All lines from the one containing "Cheers-Drinks Men'S Graphic" through the last line of the listing should be given again exactly, with no pictures.
Top of Data for the task
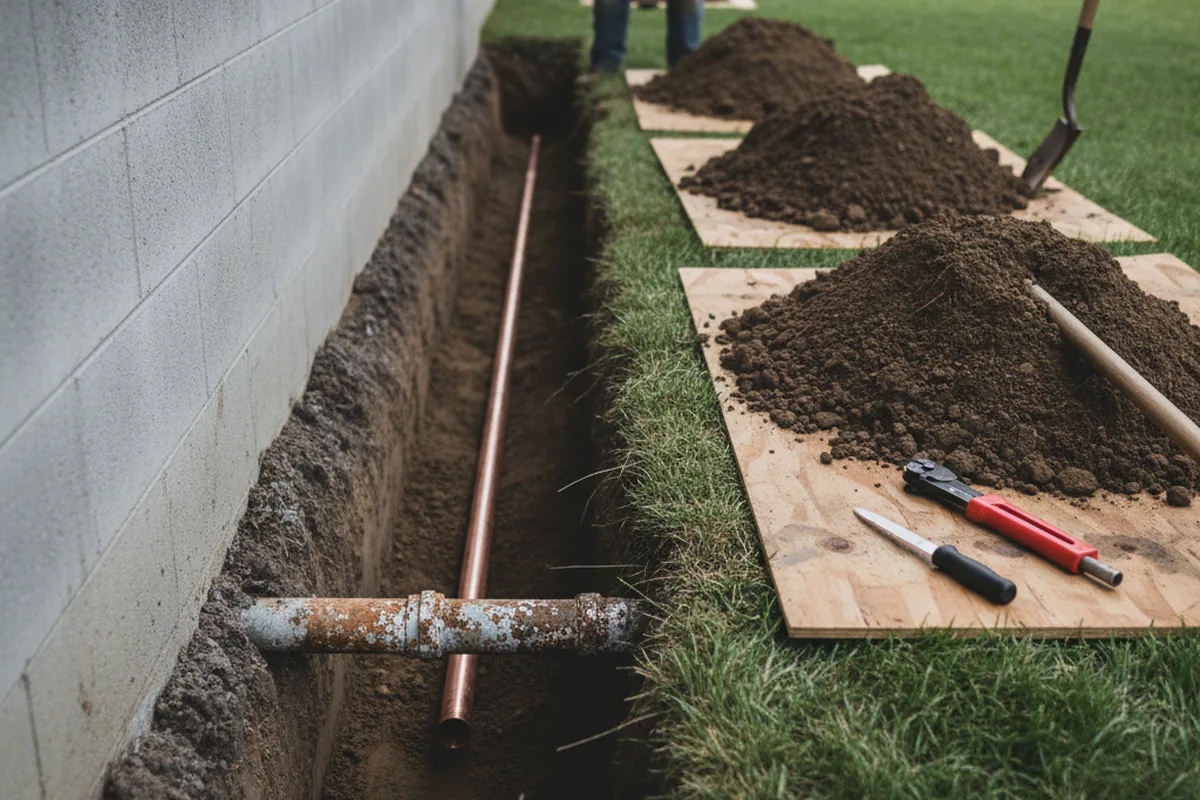 Excavated water line trench during Water Softener Installation in Akron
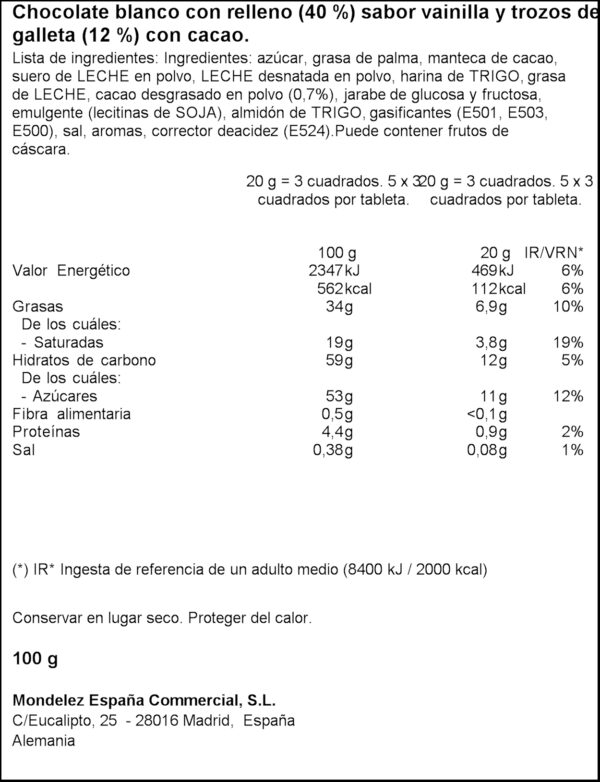 MILKA TAB. OREO BLANC 100GR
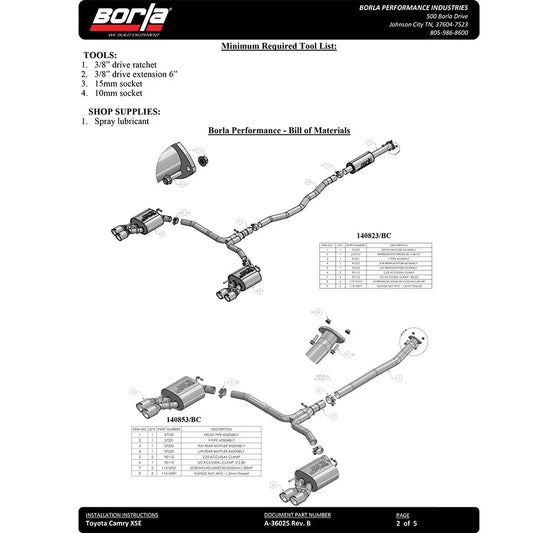 Borla 18-22 Toyota Camry XSE 2.5L i4 AT/MT FWD / 4DR S-TYPE Cat Back Exhaust (Black Chrome)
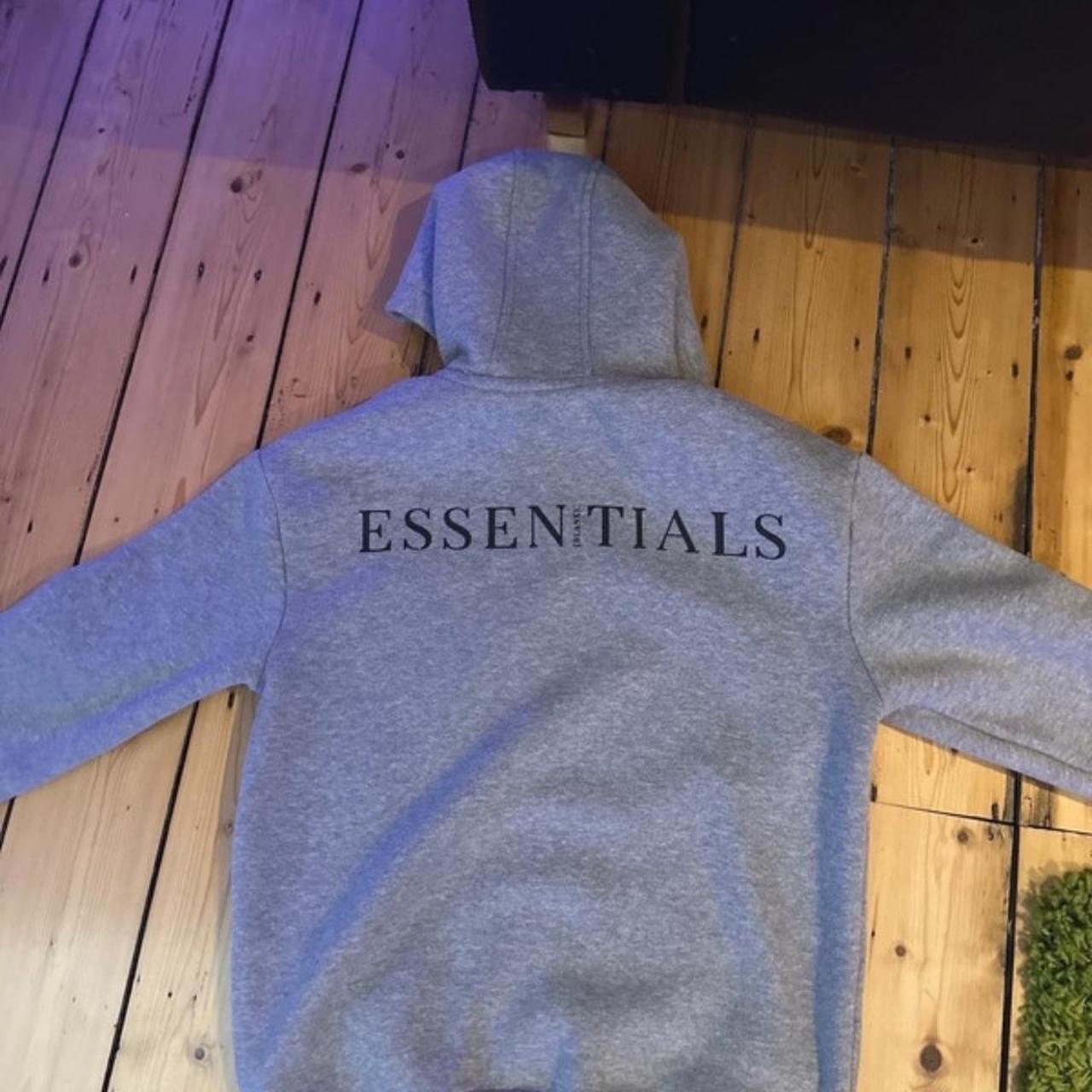 Grey {blank}: essentials hoodie size Depop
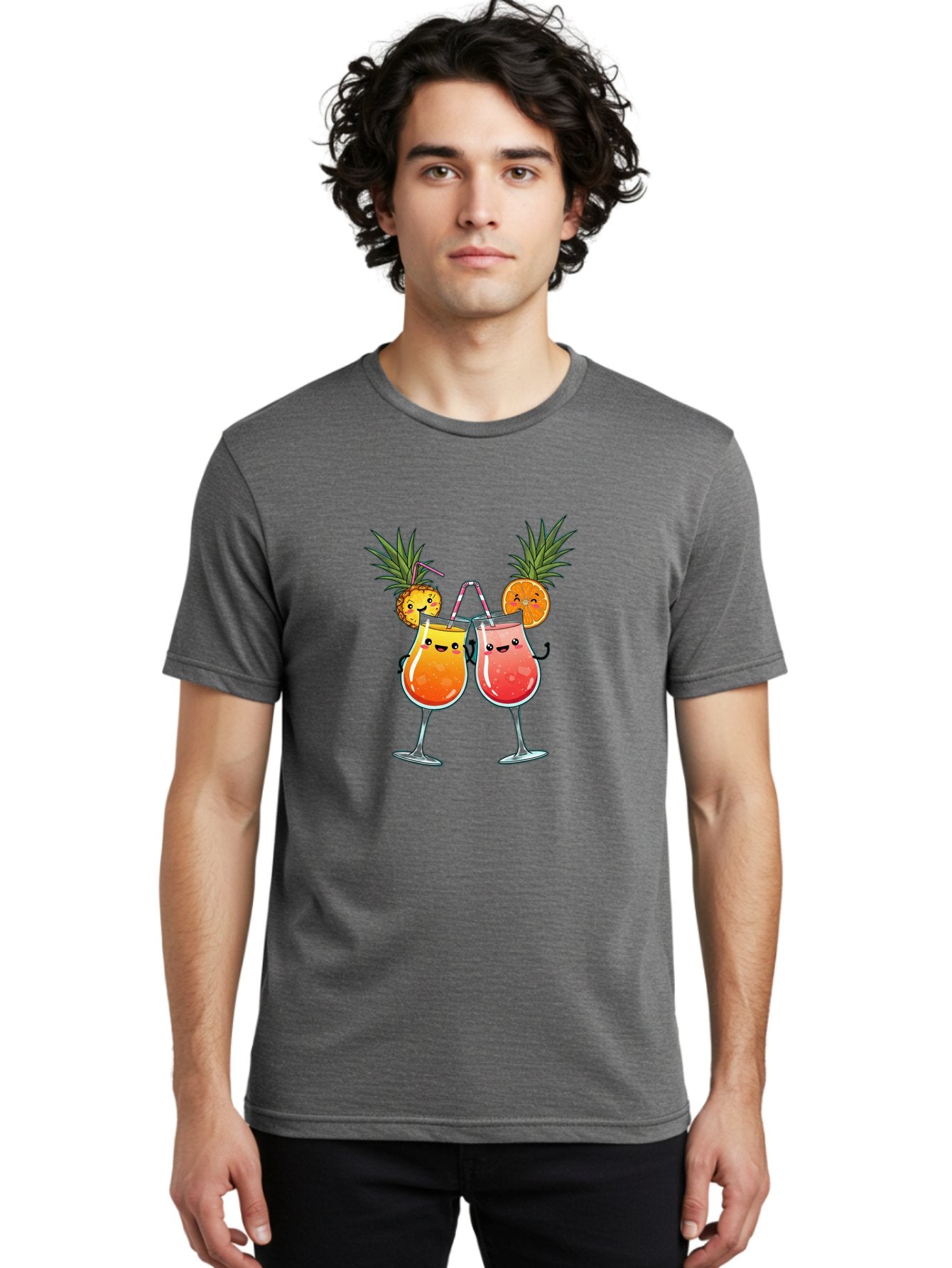 Cheers-Drinks Men'S Graphic Tee, 100% Cotton, Comfortable Casual Summer Wear, Machine Washable, Cartoon Cocktails, Fruity Drinks, Orange And Pink Colors, Pineapple Garnish, Smiling Glasses, Cheerful Toast, Fun Illustration, Tropical Vibe, Bac803 25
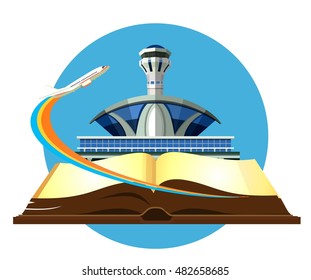 vector emblem open book pages airport building and a plane taking off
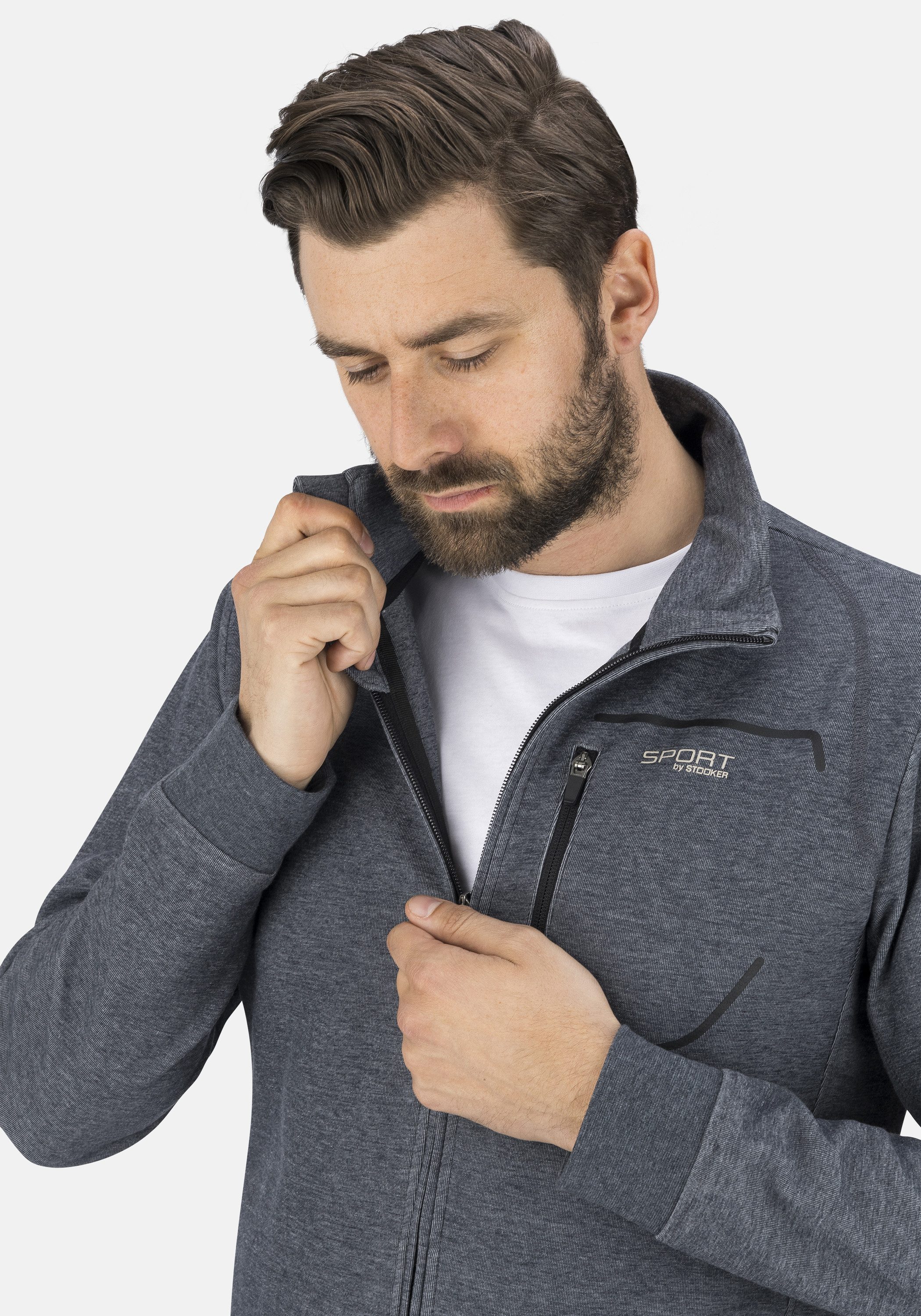 Stooker Men Sweatjacke SIDNEY Sweatjacke Sportjacke Sportjacke Stehkragen Regular Fit für Herren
Bottom of Data for the task
__Response area__
 Cheers-Drinks Men'S Graphic Tee, 100% Cotton, Comfortable Casual Summer Wear, Machine Washable, Cartoon Cocktails, Fruity Drinks, Orange And Pink Colors, Pineapple Garnish, Smiling Glasses, Cheerful Toast, Fun Illustration, Tropical Vibe, Bac803 25
 vector emblem open book pages airport building and a plane taking off
 Stooker Men Sweatjacke SIDNEY Sweatjacke Sportjacke Sportjacke Stehkragen Regular Fit für Herren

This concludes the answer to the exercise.